Jumat, 19 Desember 2008

Harta Karun di Budi Daya Ikan (3)

Selanjutnya tibalah kami ke tahap akhir, di level 4 tempat kermba ikan. Keramba ini mirip sawah, ukurannya 3 x 3 meter, dan dikelilingi pematang. Cuma bedanya di tengah keramba menjadi tempat pembesarn ikan. Agar tak lari, maka dilapis jaring.


Untuk menuju keramba ini, kami harus melalui dermaga kecil. Di pangkal dermaga, banyak ditanam pohon bakau dan tambak. “Ini saya yang hijaukan,” jelas Syamsul.

Di kiri dermaga teronggok keramba kayu yang sudah lapuk. “Inilah pak kalau (keramba) terbuat dari kayu, baru 3 tahun saja sudah rusak. Makanya saya ubah bahannya dari plastik, seperti itu” jelasnya, menunjuk keramba di ujung dermaga. Menurut Syamsul, keramba plastik ini tahan hingga 18 tahun.

Untuk menuju keramba tersebut, kami masih menuruni tangga kecil di ujung dermaga. Selanjutnya kami masih naik papan terapung, karena antara dermaga dan dermaga dibuat tak menyatu, terpisah laut selebar 2 meter.

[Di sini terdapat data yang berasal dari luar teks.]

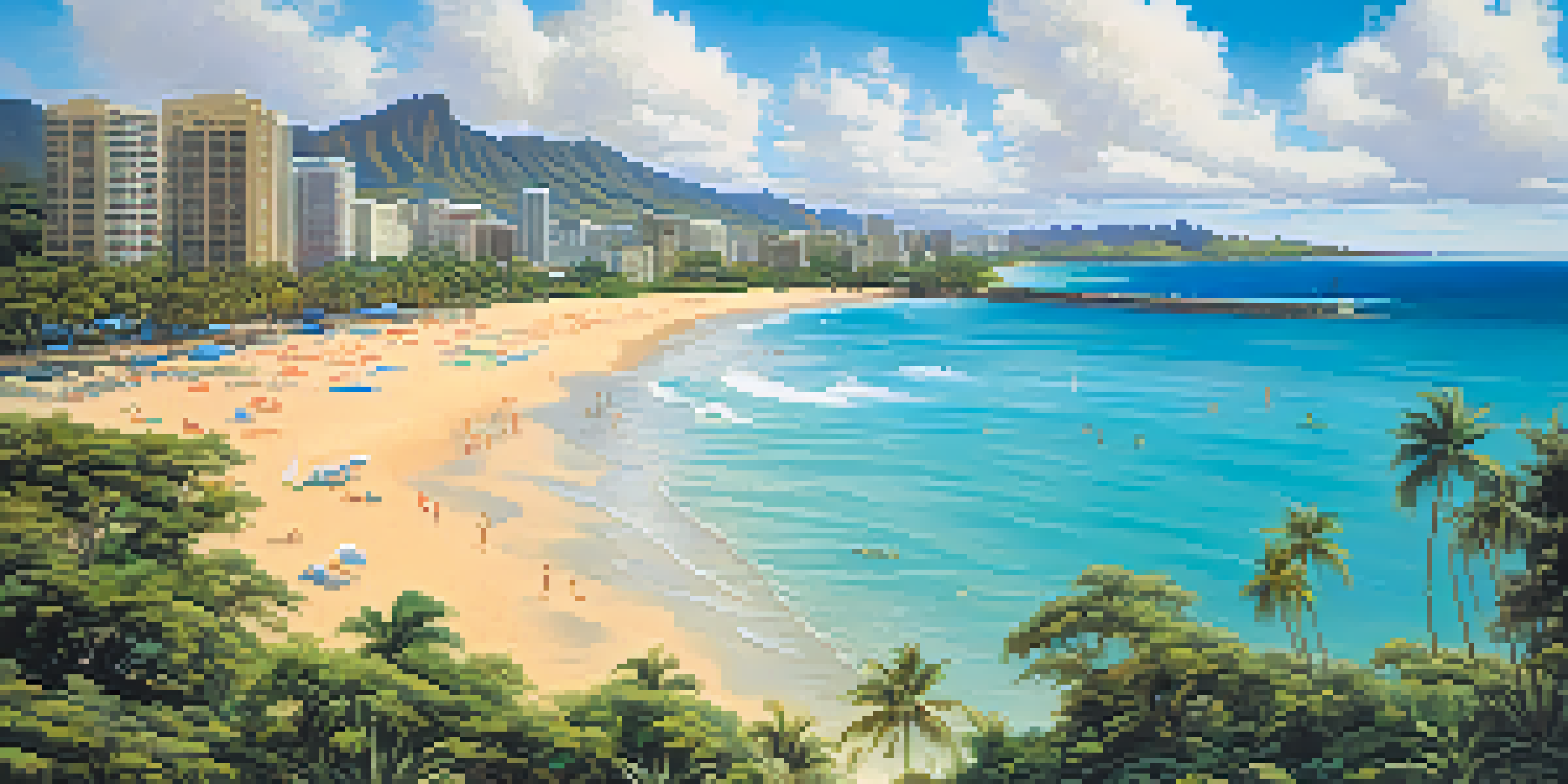 A beautiful beach scene in Honolulu, featuring golden sand, clear blue water, and palm trees under a sunny sky.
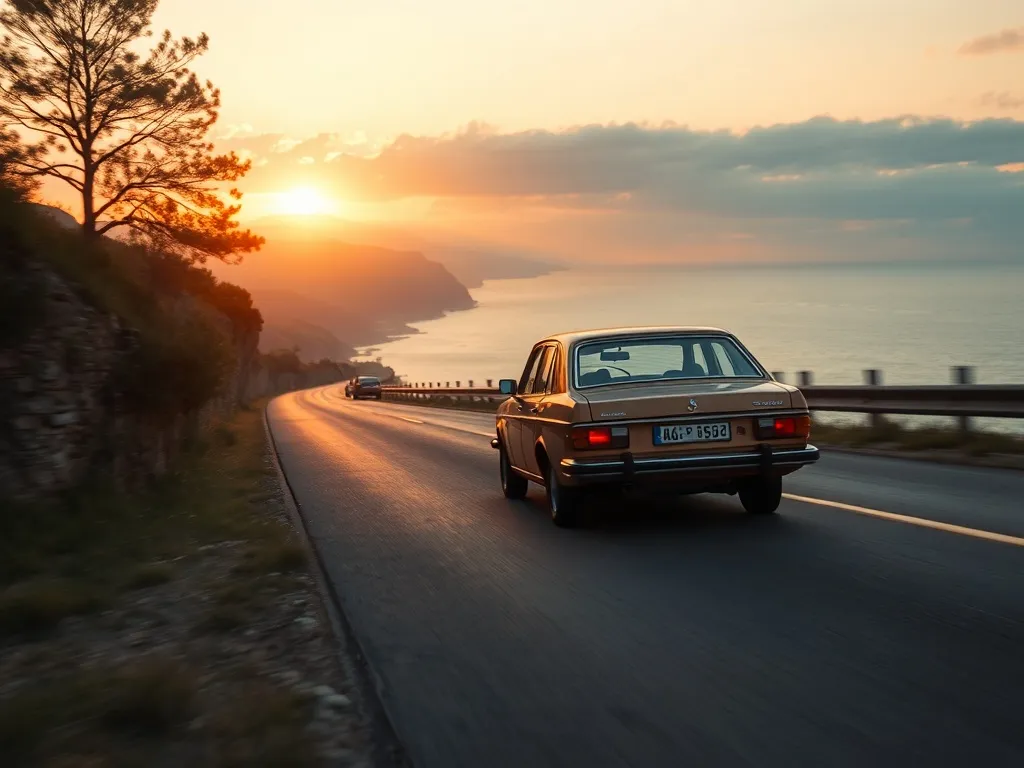 A vintage 1970s Eastern European car driving on a coastal ro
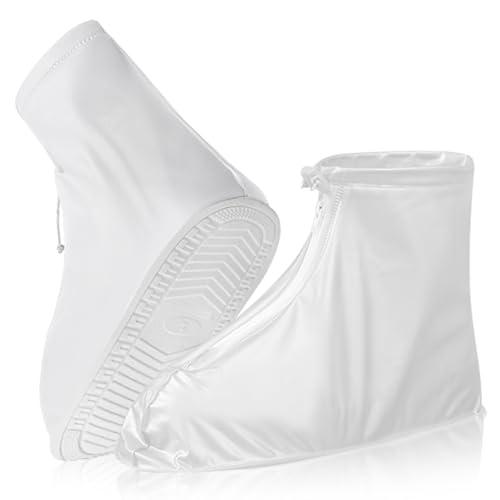 Waterproof Shoe Covers,Rain Shoe Covers for Men Women,Lightweight Reusable Non-Slip Rain Boot Overshoes with Zipper,PVC Rubber Sole for Walking Dog Hiking Work Commute Clear XXL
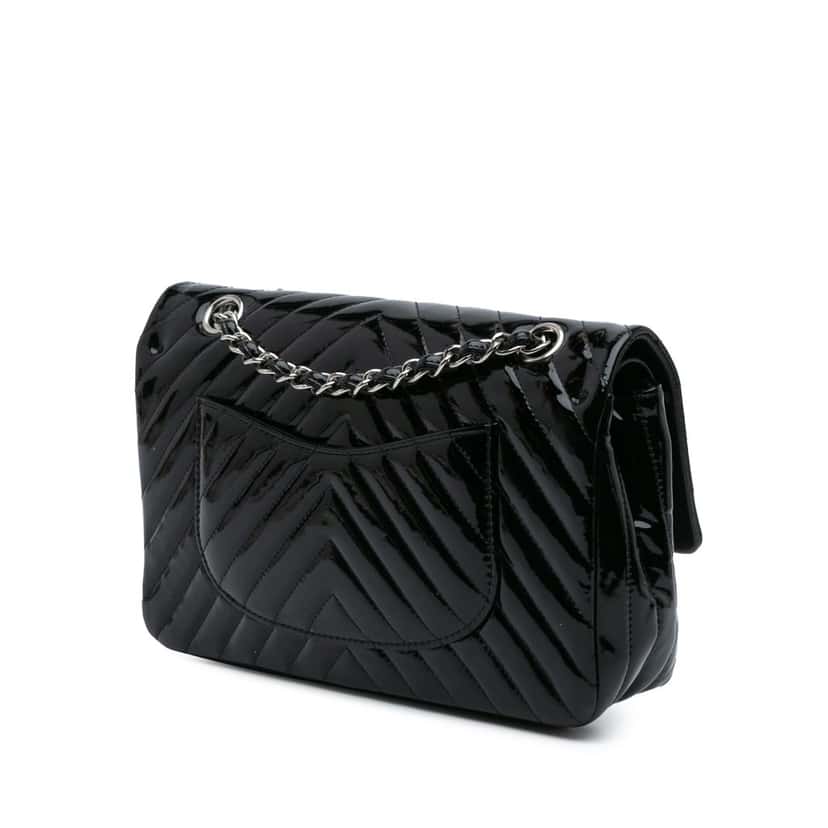 Chanel Medium Classic Chevron Patent Double Flap Black Leather Good condition - Back View
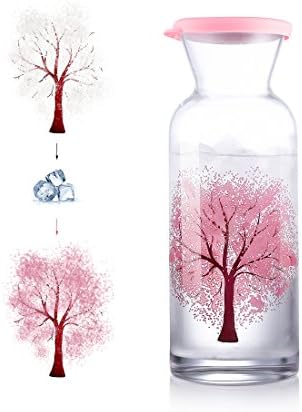 RED MAISON Exquisite Sakura Tree Hot/Cold Sensitive Color Changing Glass Pitcher Wedding Gift Liquor Decanter 42 Ounces Glass Carafe with Lid - Heat Resistance Pitcher for Hot/Cold Water & Iced Tea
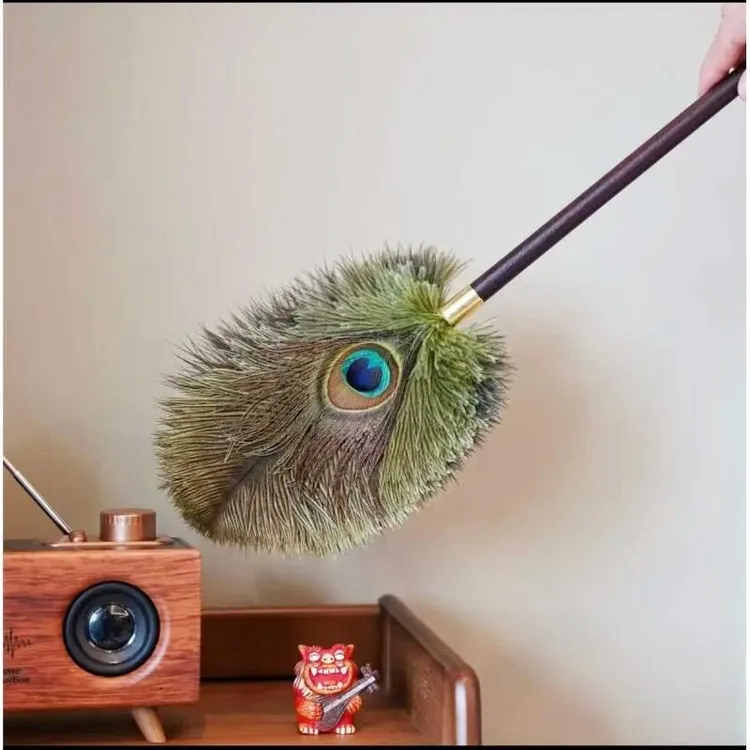 孔雀鸵羽掸家用除尘清洁摆件防静电不掉毛新款手柄高档装饰品LQ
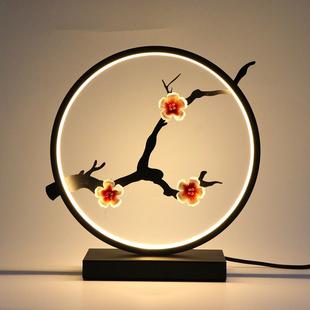 创意LED台灯中式复古护眼台灯床头灯卧室圆形装饰灯三色光可调节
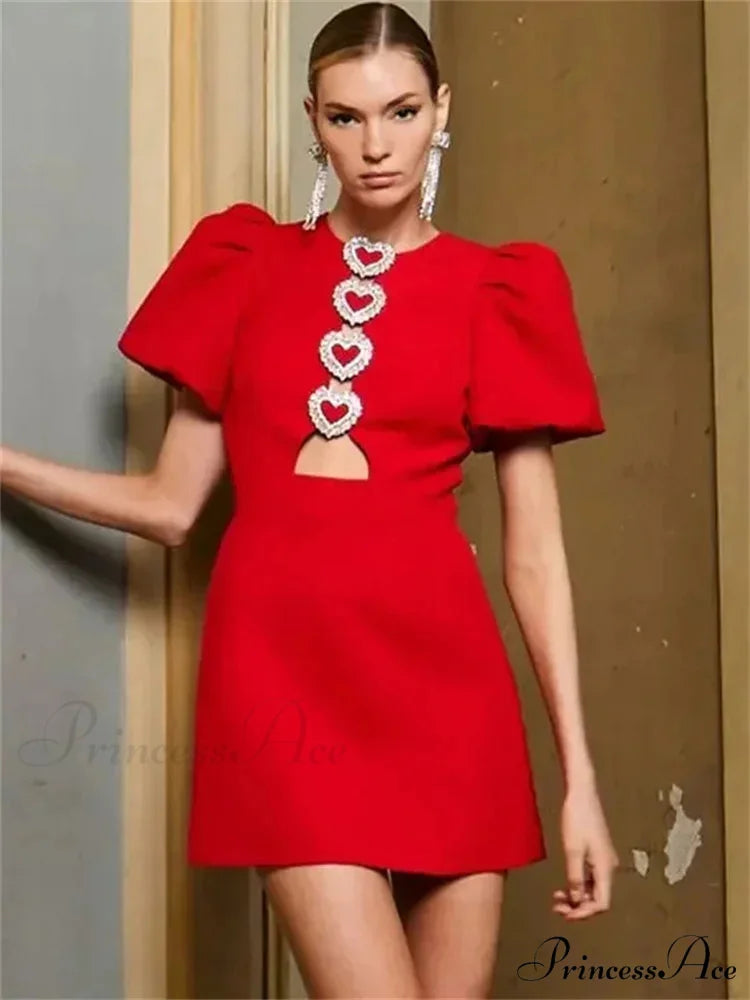 Bow Hollow-Out Patchwork Petite Dress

Di sini saya melihat langsung keramba plastik tersebut. Bahannya mirip plastik ember antipecah, jenis polytelin. Tak heran bila harganya mahal, permeternya mencapai Rp1,7 juta.

Jumlah keramba di sini sangat banyak, sekitar 50 unit atau 200 kantong. Tiap keramba ada yang diberi atap, ada yang tidak, tergantung jenis ikan.

“Di sinilah penangkaran bawal bintang yang satu-satunya di Indonesia,” jelas Syamsul. Diapun lalu meminta beberapa stafnya menangkap ikan prestis yang harganya mencapai Jutaan rupiah itu.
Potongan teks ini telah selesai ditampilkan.